In the far reaches of the universe, there is a special train called the Astral Express. The Astral Express, built by the renowned engineer, Aeon Akivili the Trailblazer, has the unique ability to travel throughout the galaxy using a network of star rails.

The universe is comprised of $$$n$$$ stars, which can be conceptualized as $$$n$$$ points on a 2D plane. The Astral Express begins its journey at a chosen star, referred to as the $$$i$$$-th star.

Pom-Pom, the conductor of the Astral Express, has an important task. Pom-Pom needs to draw a straight line that divides the remaining $$$n-1$$$ stars into two sets (possibly empty). This line must avoid intersecting any of the remaining $$$n-1$$$ stars, although passing through the $$$i$$$-th star is permissible. Pom-Pom will then choose one of these sets to visit, provided it contains exactly $$$k$$$ stars. If there is no set that meets this condition, Pom-Pom will not select any. The number of different sets that can be selected is denoted as $$$A_{i,k}$$$.

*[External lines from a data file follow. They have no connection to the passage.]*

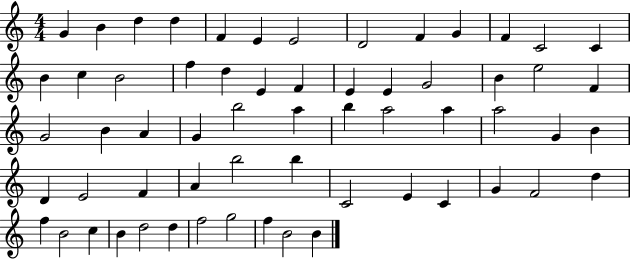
{
  \clef treble
  \numericTimeSignature
  \time 4/4
  \key c \major
  g'4 b'4 d''4 d''4 | f'4 e'4 e'2 | d'2 f'4 g'4 | f'4 c'2 c'4 | \break b'4 c''4 b'2 | f''4 d''4 e'4 f'4 | e'4 e'4 g'2 | b'4 e''2 f'4 | \break g'2 b'4 a'4 | g'4 b''2 a''4 | b''4 a''2 a''4 | a''2 g'4 b'4 | \break d'4 e'2 f'4 | a'4 b''2 b''4 | c'2 e'4 c'4 | g'4 f'2 d''4 | \break f''4 b'2 c''4 | b'4 d''2 d''4 | f''2 g''2 | f''4 b'2 b'4 | \break \bar "|."
}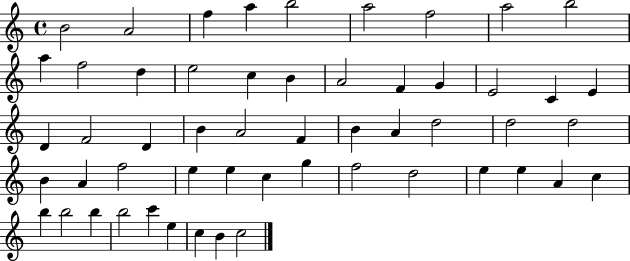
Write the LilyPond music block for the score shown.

{
  \clef treble
  \time 4/4
  \defaultTimeSignature
  \key c \major
  b'2 a'2 | f''4 a''4 b''2 | a''2 f''2 | a''2 b''2 | \break a''4 f''2 d''4 | e''2 c''4 b'4 | a'2 f'4 g'4 | e'2 c'4 e'4 | \break d'4 f'2 d'4 | b'4 a'2 f'4 | b'4 a'4 d''2 | d''2 d''2 | \break b'4 a'4 f''2 | e''4 e''4 c''4 g''4 | f''2 d''2 | e''4 e''4 a'4 c''4 | \break b''4 b''2 b''4 | b''2 c'''4 e''4 | c''4 b'4 c''2 | \bar "|."
}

Pom-Pom is curious about the matrix $$$A$$$ formed by elements $$$A_{i,k}$$$. Your task is to help him determine this matrix. In other words, for each possible $$$i$$$ ($$$1 \leq i \leq n$$$) and $$$k$$$ ($$$1 \leq k \leq n-1$$$), you need to calculate the corresponding $$$A_{i,k}$$$, which represents the number of selectable sets when the Astral Express starts at the $$$i$$$-th star and the size of the set is $$$k$$$.